Three Memories for the Mid-Way Point

My junior year of high school we took U.S. History. One day at lunch, part-way through the year, I found a classmate crying in the hallway. She told me she had failed the last few history tests and she was too intimidated to ask the teacher and she was just so, so lost. We were not particularly friends, but I politely offered to help and I remember being surprised when she was eager to take me up on it. So she came over a couple nights later and we sat at my dining room table and ate brownies and talked about tariffs. After we got our next test back, she wrote me a profusely sweet little note, “ALICE! Thank you so, so much for helping me! I got an 84!” An 84, I thought, That’s good? I would hate an 84. And every time I remember that I thought that, I am ashamed. I want to go back and grab my sixteen-year-old self by the lapels of her worn-out uniform sweater and shake her. I want to tell her that in six years’ time she will not remember a single one of her own silly test grades but she will remember that beautiful, hard-won B-. She will remember the smiley-faces that were drawn all over that note, and she will be humbled by them.

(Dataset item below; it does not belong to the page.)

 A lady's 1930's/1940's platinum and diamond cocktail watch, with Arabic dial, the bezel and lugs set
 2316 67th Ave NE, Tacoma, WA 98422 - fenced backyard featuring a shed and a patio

This Christmas my family flew up to Minnesota, and en route we had what became an eight-hour layover in the Atlanta airport. We sat and we sat and I watched the people. There were a lot of servicemen and women–lots of Marines especially–some hurrying to catch a flight and some just waiting. As one after another went by and I hoped for each one that he was going home, I realized that though the women in uniform looked like women, the men mostly looked like boys. I did the math in my head, and realized that most of them were probably closer in age to my students than they were to me. Then they looked very young indeed. In the midst of all of that sitting and watching, I wrote this in my prayer journal, about my students: “I must keep repeating my mantra from earlier in the year, before I cared about them so much: You love them far more than I ever will and You do it better. There is nothing I can break down that You cannot build back up and stronger. I will trust in Your love for them.”

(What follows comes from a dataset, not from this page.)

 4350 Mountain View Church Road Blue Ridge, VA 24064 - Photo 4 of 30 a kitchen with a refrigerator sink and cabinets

My sophomore year of college was my hardest. Everything looked very grey to me and I felt grainy and sad. If you have been reading this blog long enough you may remember. That March, at the tail end of my spring break, my mom and George came up to visit me. I remember running out into the ice and snow to meet them when the car pulled up. My mom got out to hug me, and then she said, “Oh, I brought you something.” She leaned into the car and turned back around holding a mason jar full of bright yellow daffodils from home. Just last night I remembered all this rather suddenly and for reasons I still cannot articulate, I cried while remembering. The snow, and the slate-colored sky, and the weary brick of my dorm building, and then my mother’s familiar hands, holding daffodils which she had carried over nearly five hundred miles of highway.